INSTRUCTIONS FOR THE TASK: With pictures left out, copy exactly every line from the one containing "Now this is" through the end of the material.

COLLECTED DATA:
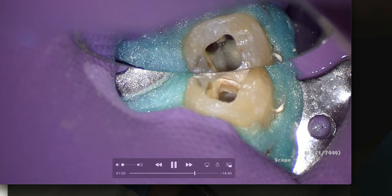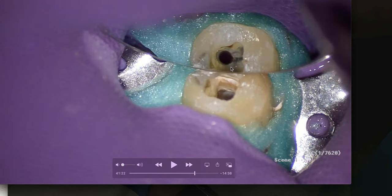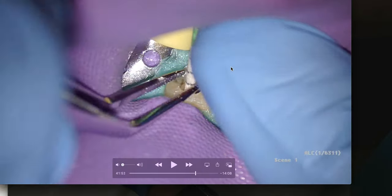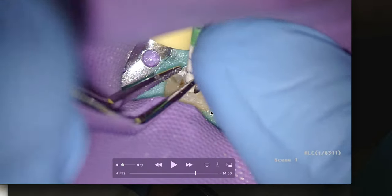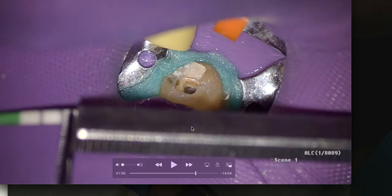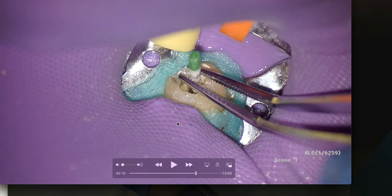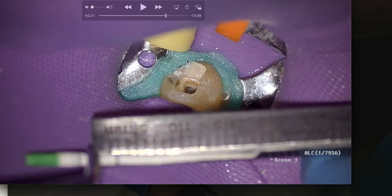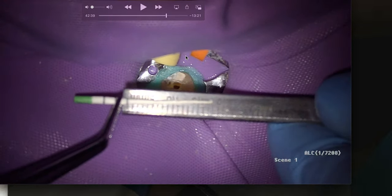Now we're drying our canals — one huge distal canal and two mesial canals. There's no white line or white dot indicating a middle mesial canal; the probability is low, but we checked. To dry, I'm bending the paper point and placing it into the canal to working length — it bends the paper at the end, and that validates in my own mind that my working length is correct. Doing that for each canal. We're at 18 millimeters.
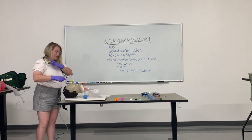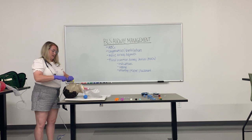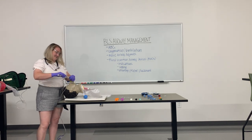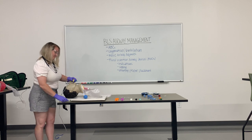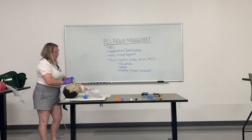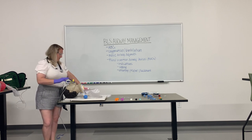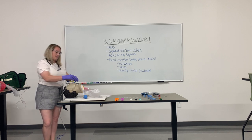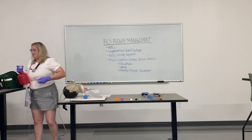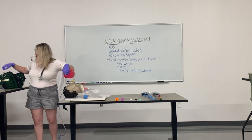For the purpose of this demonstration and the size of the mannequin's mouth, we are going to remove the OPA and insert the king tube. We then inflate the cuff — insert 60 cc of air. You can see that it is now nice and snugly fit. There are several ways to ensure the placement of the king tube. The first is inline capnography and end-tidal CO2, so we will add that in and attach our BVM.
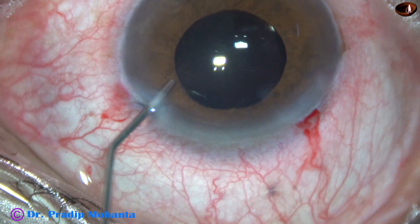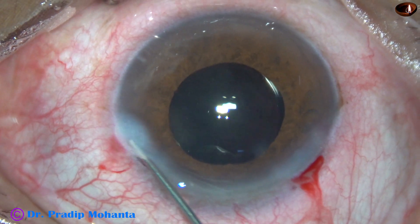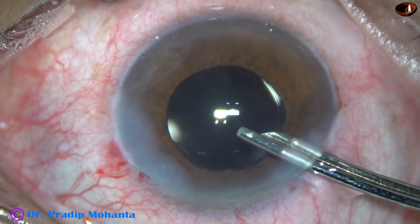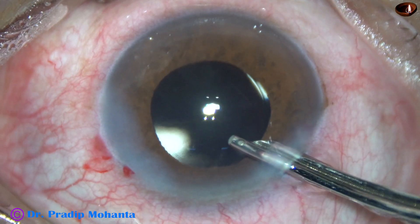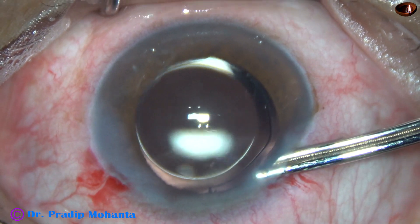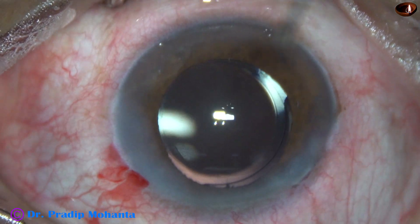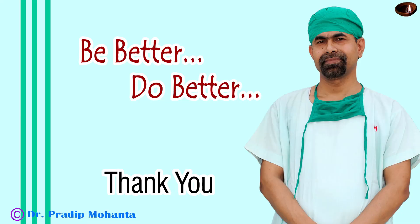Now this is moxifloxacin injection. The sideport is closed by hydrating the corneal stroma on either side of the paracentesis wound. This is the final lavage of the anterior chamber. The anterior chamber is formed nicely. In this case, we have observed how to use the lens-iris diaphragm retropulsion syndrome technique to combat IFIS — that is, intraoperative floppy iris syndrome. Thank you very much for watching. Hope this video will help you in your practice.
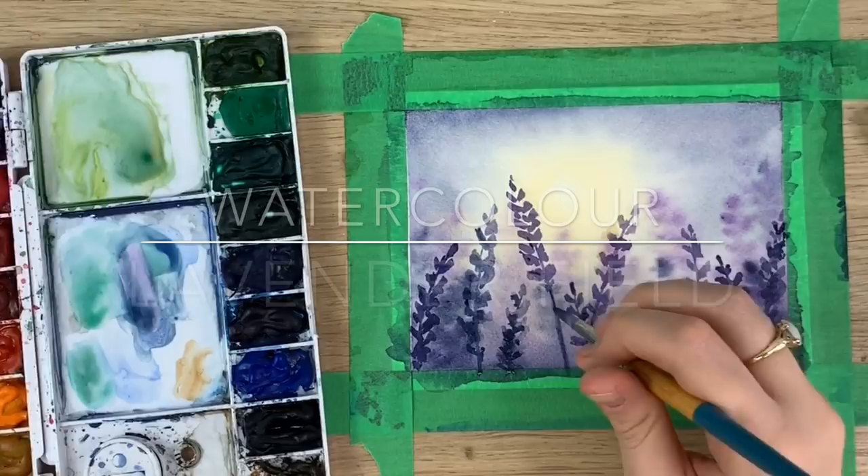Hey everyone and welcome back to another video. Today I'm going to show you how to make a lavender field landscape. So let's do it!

RESPONSE AREA:
Now this is moxifloxacin injection. The sideport is closed by hydrating the corneal stroma on either side of the paracentesis wound. This is the final lavage of the anterior chamber. The anterior chamber is formed nicely. In this case, we have observed how to use the lens-iris diaphragm retropulsion syndrome technique to combat IFIS — that is, intraoperative floppy iris syndrome. Thank you very much for watching. Hope this video will help you in your practice.
Hey everyone and welcome back to another video. Today I'm going to show you how to make a lavender field landscape. So let's do it!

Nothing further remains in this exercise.